Your humble editor will be catching a plane in a few weeks’ time – given the likely-to-subside nature of this threat, which will probably fizzle out after all, we have to go on living our lives. It doesn’t make sense to quake in fear.

But at the same time, it would be wise to avoid the lolling lull of complacency. If the lazy hazy days of summer produce nothing extraordinary on the epidemic front, that doesn’t mean we are home free – just as a stage-five rocket ride doesn’t mean the bulls are free and clear to celebrate the end of the late great bear market.

Stay calm, but stay vigilant, and perhaps consider some long-dated put option protection for your portfolio. If you aren’t sure what to buy to protect yourself, I’m sure the Taipan Publishing Group team of eagle-eyed trading editors – including Zach Scheidt, Adam Lass, Sara Nunnally, Christian DeHaemer and me – can help you come up with something.

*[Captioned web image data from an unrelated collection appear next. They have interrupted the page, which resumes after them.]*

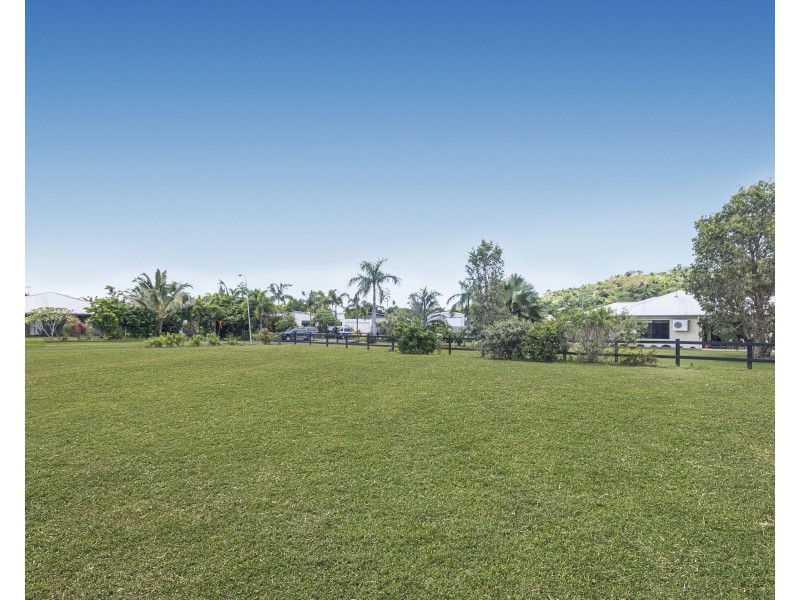 50 Midshipman Street, South Mission Beach QLD 4852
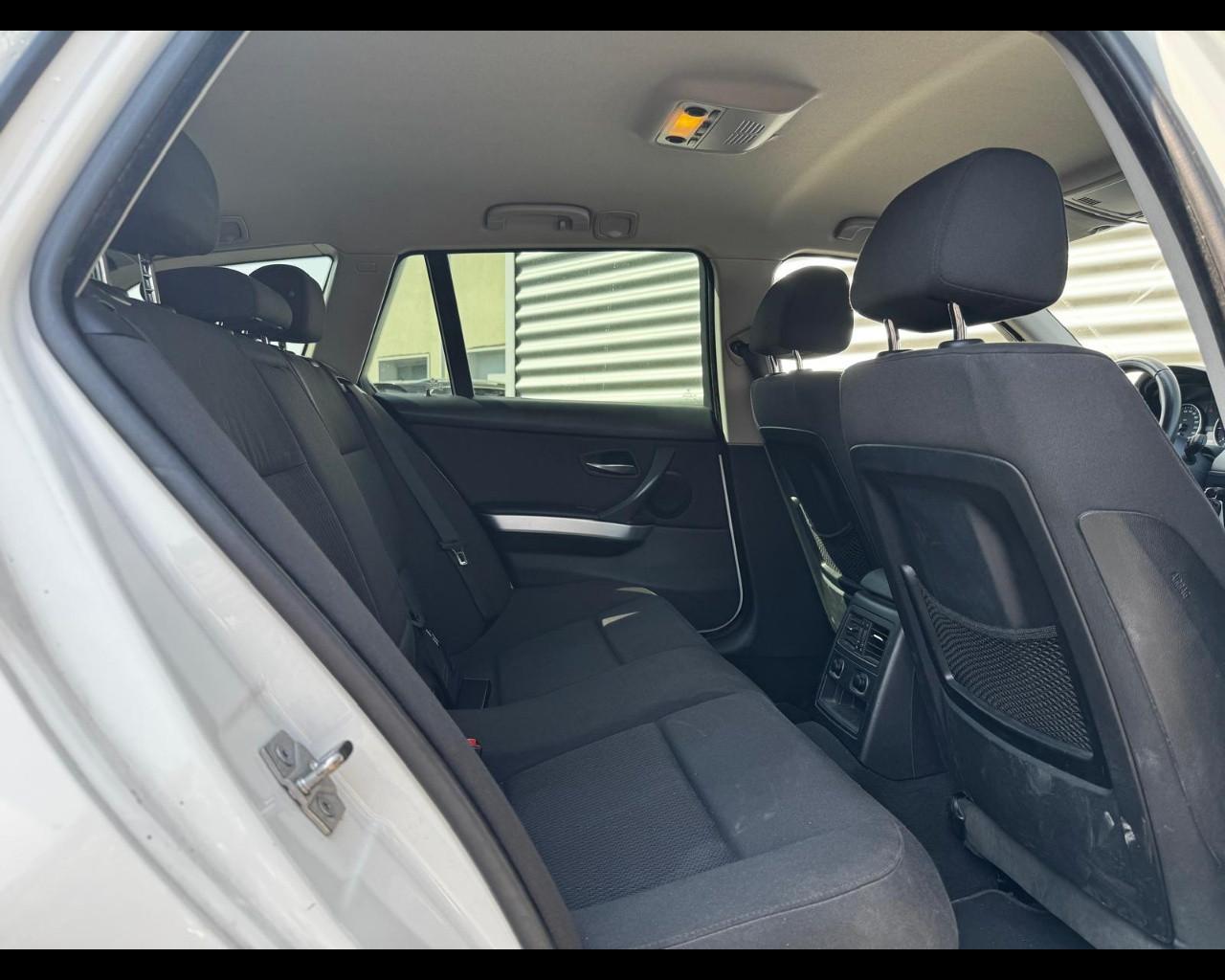 BMW 320D TOURING ATTIVA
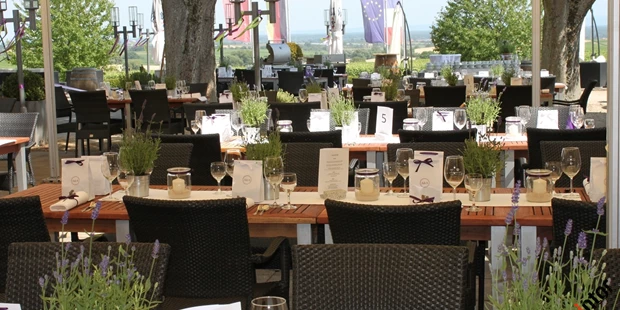 Destination-Wedding - Art der Location: Hotel / Chalet - Die Feier auf der Weintorterrasse - Deutsches Weintor Restaurant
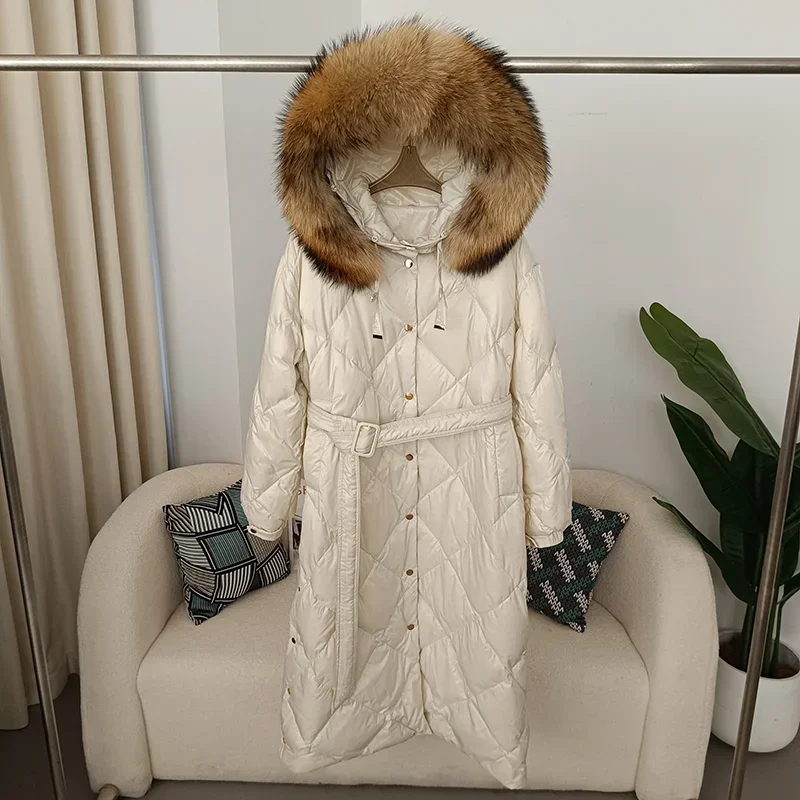 MENHR BONITA-Veste à Capuche en Duvet de Canard Blanc pour Femme, Col en Vraie Fourrure de Raton Laveur, Veste Longue avec Ceinture, Manteau Chaud Femme, Luxe, Hiver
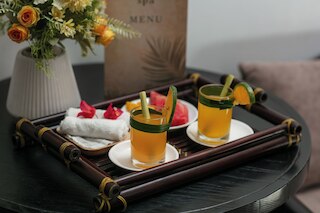 ホイアン ローズ ガーデン ホテル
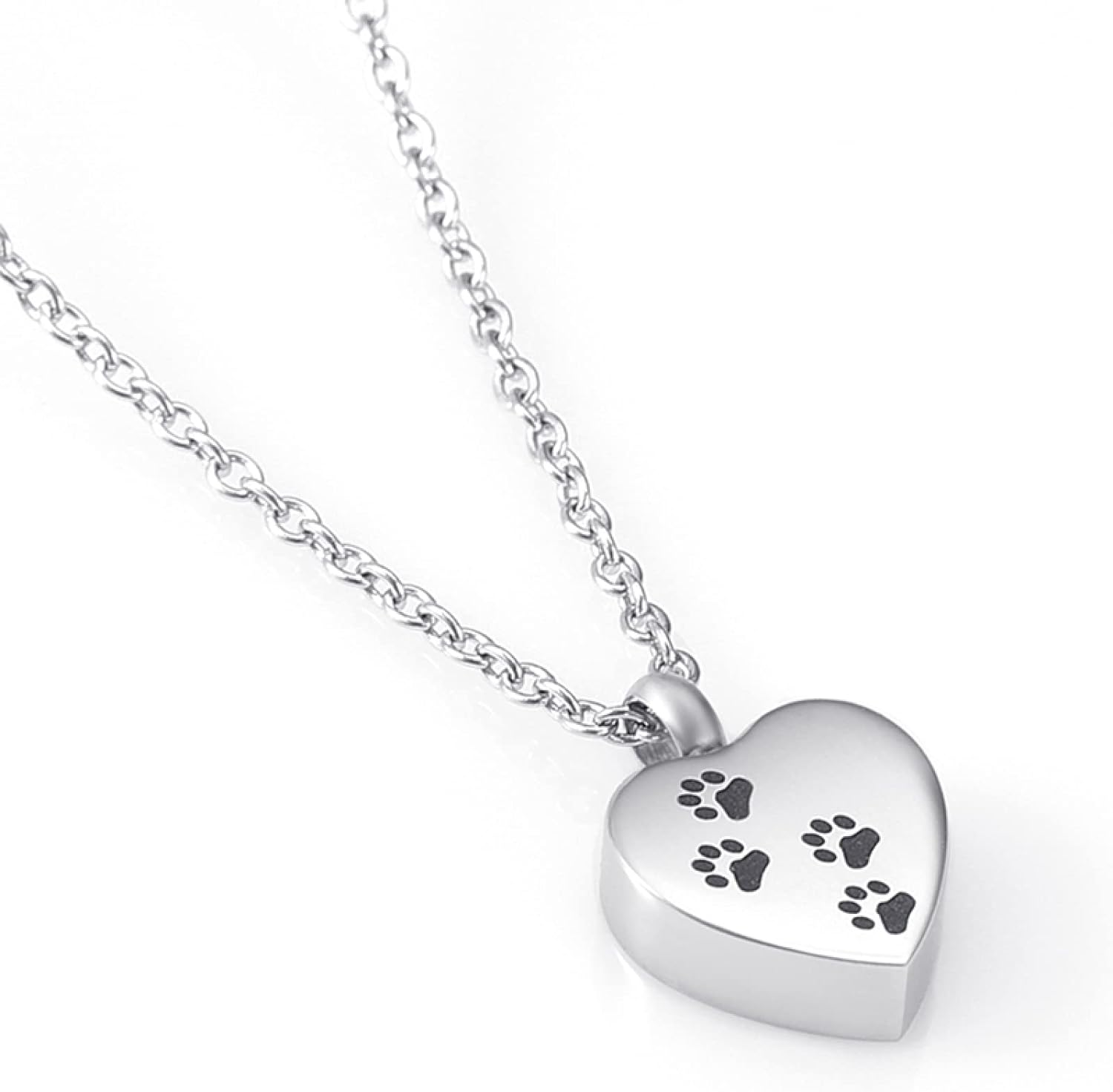 Prachtige hartvormige hanger in het zilverkleur, met 4 zwarte pootafdrukjes.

To close, a quote from a Winston Churchill speech to The Commons – delivered May 2, 1935 – that feels doubly appropriate in this gloriously (insanely?) bullish afterglow:

When the situation was manageable it was neglected, and now that it is thoroughly out of hand we apply too late the remedies which then might have effected a cure. There is nothing new in the story. It is as old as the sybilline books. It falls into that long, dismal catalogue of the fruitlessness of experience and the confirmed unteachability of mankind. Want of foresight, unwillingness to act when action would be simple and effective, lack of clear thinking, confusion of counsel until the emergency comes, until self-preservation strikes its jarring gong, these are the features which constitute the endless repetition of history.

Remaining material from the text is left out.